Histoire du Cardinalat
Origines du Cardinalat
Le terme "cardinal" dérive du latin cardo (gond, pivot), symbolisant le rôle fondamental de ces ecclésiastiques comme "pivots" sur lesquels repose la gouvernance de l'Église. Les premières mentions de cardinaux remontent au IVe siècle, mais leur fonction était alors bien différente de celle que nous connaissons aujourd'hui.
À l'origine, les cardinaux étaient simplement les prêtres titulaires des principales églises de Rome, appelées "églises cardinalices". Ils assistaient l'évêque de Rome (le pape) dans l'administration du diocèse et la célébration des liturgies. Cette organisation locale s'est progressivement transformée en une institution d'envergure universelle.
Évolution Médiévale
C'est au XIe siècle, sous le pontificat de Nicolas II (1059-1061), que le rôle des cardinaux connaît une transformation décisive. Par le décret In Nomine Domini (1059), le pape confie aux cardinaux-évêques la responsabilité principale dans l'élection du souverain pontife, établissant ainsi les fondements du conclave moderne.
Au XIIe siècle, le collège des cardinaux s'affirme comme un véritable sénat ecclésiastique. Le pape Alexandre III, par le troisième concile du Latran (1179), établit que l'élection papale requiert désormais une majorité des deux tiers des cardinaux, règle qui perdure encore aujourd'hui.

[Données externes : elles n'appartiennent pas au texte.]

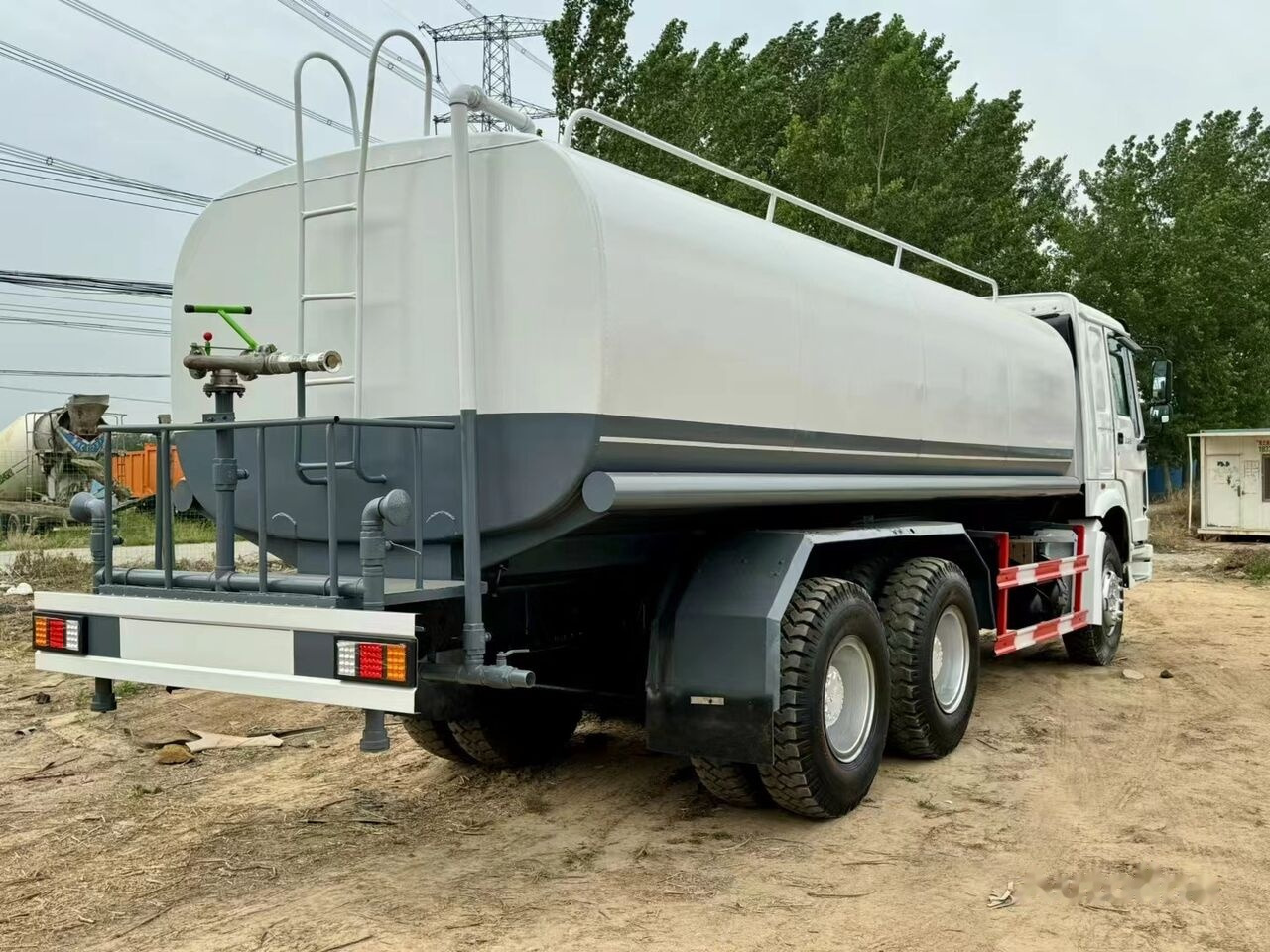 Sinotruk Howo 6*4 20cm³ - Komunalinė/ Specializuota technika: foto 5 Sinotruk Howo 6*4 20cm³ - Komunalinė/ Specializuota technika: foto 5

Durant la période médiévale, les cardinaux acquièrent une influence considérable, non seulement dans les affaires ecclésiastiques mais aussi dans la diplomatie européenne. Beaucoup d'entre eux sont issus des grandes familles aristocratiques et servent d'intermédiaires entre le Saint-Siège et les puissances temporelles.
Époque Moderne
Le concile de Trente (1545-1563) marque un tournant dans l'histoire du cardinalat. Face aux défis de la Réforme protestante, l'Église redéfinit le profil des cardinaux, insistant davantage sur leurs qualités morales et théologiques que sur leur extraction sociale. Le pape Sixte V, par la bulle Postquam verus (1586), fixe à 70 le nombre maximal de cardinaux, structure qui restera en vigueur jusqu'au XXe siècle.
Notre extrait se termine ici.